Editor's note: This is an installment of Cautionary Tales, an ongoing series about lessons learned the hard way in the Alaska outdoors.
"Hey! Just let me know when you make it back OK."
I sent that message to a friend of mine who was visiting Anchorage from the Lower 48 last spring. Early on in his two-week trip, he tapped into the same love of hiking in Chugach State Park that I have.
This buddy — let's call him Pete — was eager to explore as much of the Chugach as possible. So, while I was at work in the evenings, I'd send him on different trails and he'd pick me up from the newspaper afterward, full of excitement from another outdoor escapade.
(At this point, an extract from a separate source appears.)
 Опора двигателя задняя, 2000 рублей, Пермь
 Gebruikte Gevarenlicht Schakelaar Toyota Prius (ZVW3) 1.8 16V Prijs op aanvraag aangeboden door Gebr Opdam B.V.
But on this night, when I hadn't heard from Pete by 9:30 p.m., I started to grow concerned. That's when I checked in with him.
As I waited for a response, the depths of my worry grew. My mind hopscotched along the trail, picturing all the hazards he could've faced: an untimely boulder drop, stomping moose, late avalanches and early bears. I thought of what it would be like to face his family, the guilt and recriminations that lay ahead as the reckless individual who let their loved one venture into the mountains alone. I plotted out how I would mount a search in case Pete never responded.
My imagination gets carried away sometimes.
About 45 minutes later, I followed up: "Proof of life, I need proof of life."
Surely there'd be a logical reason for Pete's silence. Maybe his phone died, or he was driving — though he should've been back by then. I was kicking myself for not reviewing some kind of timeline for checking in with him earlier.
He was an adult fully capable of taking care of himself, and I didn't want to hover. All the same, I was tiptoeing toward panic mode, casting nervous glances toward the parking lot and waiting for him to arrive.
Pete pulled into the Alaska Dispatch News parking lot at 10:30 p.m.
Actually, I realized: He was right on time.
As for his silence, he'd had trouble using his cellphone since he arrived in Alaska — an issue with his carrier being recognized intermittently up here.
Ah. Yes. It was all coming back to me now.
That moment, which revealed how dramatic my imagination can be, also taught me the importance of bringing a trip plan around full circle.
Telling someone where you're going before you head into the backcountry is a no-brainer. But telling that person when you're safe is also critical, so you don't leave them wondering about your fate.
I have a rotating list of safety buddies. Before I head to the mountains, I'll tell one of them — someone in town who will be able to contact troopers in case of emergency — my plan. With some variations, that plan will consist of at least four key pieces of knowledge: 1) where I'm going; 2) my backup plan in case Option 1 falls through; 3) when I expect to be back; and 4) when they should call for help.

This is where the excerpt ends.